A landmark study funded by the National Institutes of Health (NIH) has revealed that specific blood markers namely low-density lipoprotein (LDL) cholesterol, lipoprotein(a) [Lp(a)], and C-reactive protein (CRP) can be powerful predictors of a woman’s future risk for cardiovascular disease (CVD), potentially decades before symptoms emerge. These findings have been recently presented at the European Society of Cardiology Congress 2024 and published in the New England Journal of Medicine.
Although CVD has traditionally been seen as a condition that predominantly affects men, it is an equally serious concern for women, with recent statistics showing that the number of deaths from CVD is higher in women than in men. In 2019, cardiovascular disease accounted for 31.4% of all male deaths and a staggering 34.6% of all female deaths. Considering the urgency, the American Heart Association issued a ‘Call to Action’ in 2022, urging for more focused efforts to reduce the burden and risk of CVD in women.

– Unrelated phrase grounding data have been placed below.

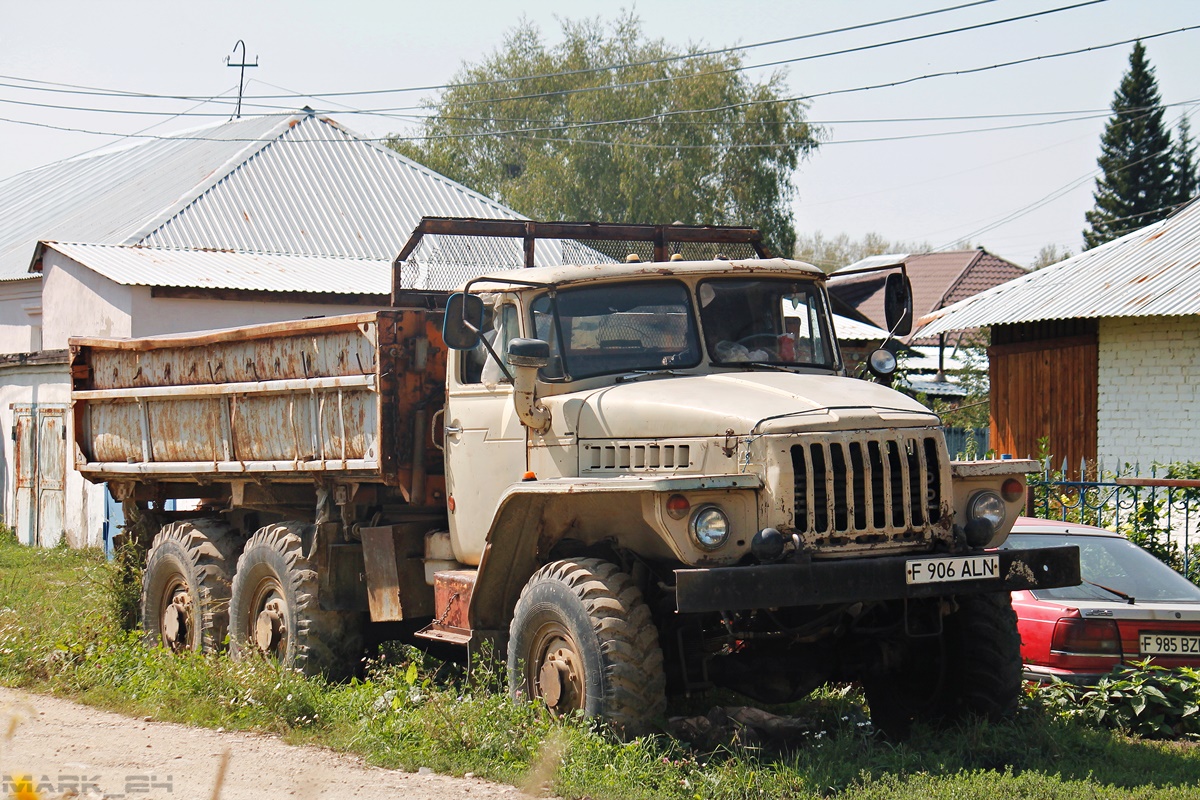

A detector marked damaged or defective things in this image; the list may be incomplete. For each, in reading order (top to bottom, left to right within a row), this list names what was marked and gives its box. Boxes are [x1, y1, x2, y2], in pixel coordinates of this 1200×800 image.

rusty dump bed [69, 310, 446, 494]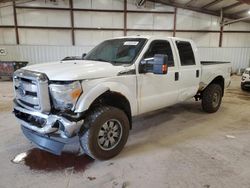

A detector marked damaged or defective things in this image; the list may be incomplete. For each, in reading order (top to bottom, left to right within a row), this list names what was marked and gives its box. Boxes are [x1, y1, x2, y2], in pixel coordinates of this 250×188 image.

crumpled hood [23, 60, 127, 81]
broken headlight housing [49, 81, 82, 110]
damaged front bumper [13, 102, 84, 155]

The study analyzed data from the Women’s Health Study, which enrolled 27,939 female healthcare providers in the United States between 1992 and 1995, with an average age of 55. Throughout a 30-year follow-up period, 3,662 participants experienced a major cardiovascular event, such as a heart attack, stroke, surgery to restore circulation, or cardiovascular-related death. The study found that women with the highest levels of LDL cholesterol had a 36% increased risk of developing cardiovascular disease compared to those with the lowest levels. Those with elevated Lp(a) levels had a 33% increased risk, while women with the highest CRP levels faced a 70% increased risk. When all three markers were evaluated together, women with the highest levels had more than a 1.5-fold increased risk of stroke and a more than threefold increased risk of coronary heart disease compared to those with the lowest levels.
Although the study focused solely on women, researchers believe that similar findings would likely apply to men. Recent advances in understanding have shown that elevated inflammation levels can interact with lipids, exacerbating the risk of CVD . This interplay highlights the importance of maintaining lower levels of both inflammation and lipids to reduce cardiovascular risks.

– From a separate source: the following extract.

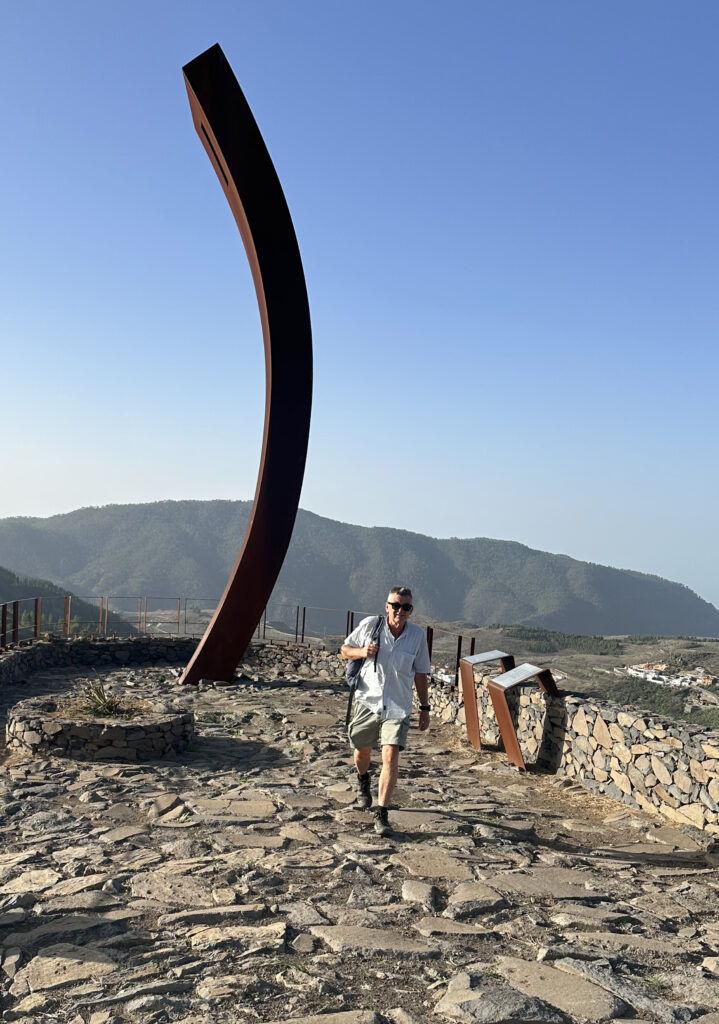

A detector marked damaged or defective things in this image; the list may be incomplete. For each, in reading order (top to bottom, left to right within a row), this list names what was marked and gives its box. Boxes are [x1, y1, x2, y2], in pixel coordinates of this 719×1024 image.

rusted steel sculpture [179, 44, 311, 684]
rusted sign frame [179, 48, 313, 688]
rusted sign frame [458, 651, 516, 749]
rusted sign frame [487, 663, 561, 770]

The study also provides critical new insights into the biological mechanisms underlying CVD. Immune cells, which normally help repair the body after injury or infection, can become activated in response to excess cholesterol or plaque build-up in the arteries. This activation triggers inflammatory signals, leading to a hyper-inflammatory environment where plaque can grow, rupture, and eventually cause cardiovascular events such as heart attacks or strokes.
Based on these findings, the researchers emphasize the importance of primary prevention in maintaining optimal cardiovascular health. This involves adopting a heart-healthy lifestyle, including regular physical activity, a balanced diet, stress management, and avoiding tobacco. For individuals at increased risk, it may be necessary to take medications to lower cholesterol and reduce inflammation.
The study further underscores the importance of early intervention. It suggests that lifestyle changes and preventive measures taken earlier in life can accumulate over time, leading to significantly better cardiovascular outcomes later in life.
LDL cholesterol is commonly managed with statins, but screening for Lp(a) and CRP varies. Some countries recommend Lp(a) screening due to its genetic link, while in the United States, it is usually reserved for those with a personal or family history of heart disease. Treatment options exist for elevated Lp(a), with new therapies in development. CRP testing is also inconsistent and often depends on individual risk factors. In 2023, the FDA approved colchicine, an anti-inflammatory drug, to reduce cardiovascular risk in atherosclerosis patients, and further anti-inflammatory therapies are being explored.
This study represents a significant advancement in cardiovascular health, emphasizing the potential of blood markers to predict and prevent CVD. By focusing on these key markers, healthcare providers may be able to identify at-risk individuals earlier and implement strategies to prevent the onset of CVD, ultimately saving lives.
References
- Ridker PM, Moorthy MV, Cook NR, Rifai N, Lee IM, Buring JE. Inflammation, Cholesterol, Lipoprotein(a), and 30-Year Cardiovascular Outcomes in Women. New England Journal of Medicine [Internet]. [cited 2024 Sep 2];0(0). Available from: https://www.nejm.org/doi/full/10.1056/NEJMoa2405182
- Tschiderer L, Seekircher L, Willeit P, Peters SAE. Assessment of Cardiovascular Risk in Women: Progress so Far and Progress to Come. Int J Womens Health. 2023 Feb 10;15:191–212.